Mark Anthony uses parison, repeating the same idea continually, only rephrasing it slightly each time. He explains to the crowd "Yet Brutus says he was ambitious, And sure he is an honorable man". By incessantly reiterating this idea, it becomes gradually engraved in the crowd's mind. Again, Mark Anthony says " But Brutus says he was ambitious, And Brutus is an honorable man". Only somewhat rearticulated, Mark Anthony again compels the same idea, gradually obtaining reservation from the crowd towards Brutus. To further gain favour from the crowd, Mark Anthony appeals to the emotions of his audience, pausing dramatically to say ""¦Bear with me, My heart is in the coffin there with Julius Caesar, And I must pause till itcome back to me." Mark Anthony's speech calls for a dramatic pause, where he stops to "˜regain his heart.' This line, however, is no more than a strategic and shrewdly placed break, where Mark Anthony forces the crowd to decide if they are truly persuaded by his speech or not.
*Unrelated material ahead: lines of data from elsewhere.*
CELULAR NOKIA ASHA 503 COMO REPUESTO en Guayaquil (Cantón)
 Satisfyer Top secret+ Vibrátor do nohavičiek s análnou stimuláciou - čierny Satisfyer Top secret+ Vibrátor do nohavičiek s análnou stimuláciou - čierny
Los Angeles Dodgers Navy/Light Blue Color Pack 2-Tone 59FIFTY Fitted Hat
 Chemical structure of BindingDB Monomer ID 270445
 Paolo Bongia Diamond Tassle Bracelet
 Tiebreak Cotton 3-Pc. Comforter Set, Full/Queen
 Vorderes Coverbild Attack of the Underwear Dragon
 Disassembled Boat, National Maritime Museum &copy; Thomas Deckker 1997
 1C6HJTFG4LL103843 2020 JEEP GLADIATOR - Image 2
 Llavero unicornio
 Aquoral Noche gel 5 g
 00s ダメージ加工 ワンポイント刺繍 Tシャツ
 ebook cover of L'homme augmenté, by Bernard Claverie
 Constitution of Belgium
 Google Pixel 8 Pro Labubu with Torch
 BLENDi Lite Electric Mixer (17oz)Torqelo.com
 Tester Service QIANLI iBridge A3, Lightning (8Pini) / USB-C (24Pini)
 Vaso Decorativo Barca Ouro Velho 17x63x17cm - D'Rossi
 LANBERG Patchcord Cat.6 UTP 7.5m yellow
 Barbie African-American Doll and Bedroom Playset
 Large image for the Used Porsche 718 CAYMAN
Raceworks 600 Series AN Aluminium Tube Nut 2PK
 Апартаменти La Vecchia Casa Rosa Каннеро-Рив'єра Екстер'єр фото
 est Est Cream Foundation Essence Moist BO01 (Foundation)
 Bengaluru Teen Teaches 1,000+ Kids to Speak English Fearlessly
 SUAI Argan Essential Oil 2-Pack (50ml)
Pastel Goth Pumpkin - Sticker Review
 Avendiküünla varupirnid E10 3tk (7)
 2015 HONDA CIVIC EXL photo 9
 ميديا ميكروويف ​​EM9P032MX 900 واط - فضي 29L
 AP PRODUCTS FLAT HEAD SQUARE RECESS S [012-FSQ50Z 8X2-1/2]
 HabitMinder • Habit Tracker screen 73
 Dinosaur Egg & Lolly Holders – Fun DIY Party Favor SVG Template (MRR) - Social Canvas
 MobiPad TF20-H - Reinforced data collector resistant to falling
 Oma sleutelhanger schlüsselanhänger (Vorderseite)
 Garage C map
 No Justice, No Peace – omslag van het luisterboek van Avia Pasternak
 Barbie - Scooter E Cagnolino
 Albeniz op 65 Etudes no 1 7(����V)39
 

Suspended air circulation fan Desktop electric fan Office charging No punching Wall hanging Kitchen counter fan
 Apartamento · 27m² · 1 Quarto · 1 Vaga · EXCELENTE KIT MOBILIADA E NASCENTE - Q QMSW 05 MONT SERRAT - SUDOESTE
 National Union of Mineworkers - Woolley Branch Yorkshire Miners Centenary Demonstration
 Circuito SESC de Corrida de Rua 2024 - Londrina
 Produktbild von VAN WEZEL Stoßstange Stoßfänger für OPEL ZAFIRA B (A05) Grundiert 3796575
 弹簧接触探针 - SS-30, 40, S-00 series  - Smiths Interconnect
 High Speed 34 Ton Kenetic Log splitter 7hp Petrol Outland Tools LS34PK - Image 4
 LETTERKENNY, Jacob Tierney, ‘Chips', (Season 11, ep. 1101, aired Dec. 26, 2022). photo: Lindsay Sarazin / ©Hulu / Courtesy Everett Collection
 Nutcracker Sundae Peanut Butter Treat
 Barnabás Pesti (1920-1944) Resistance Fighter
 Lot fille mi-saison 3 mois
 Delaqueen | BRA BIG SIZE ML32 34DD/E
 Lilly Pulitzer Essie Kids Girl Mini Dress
By Mark Antony bringing Julius Caesar's body and making the citizens of Rome create a circle around Mark Antony and Julius Caesar's body he shows them the stabing wounds and that is a very big thing and it gets the citizens to think of violent ideas and so they do and they go and try to find Brutus and the conspirators, so they can kill them and burn there houses down.

Mark Anthony's speech successfully incorporates a host of persuasive language devices, most important of them being parison, sarcasm and irony. The great skill of rhetoric and oration Mark Anthony displays triumphs in the seemingly impossible task of winning the audience.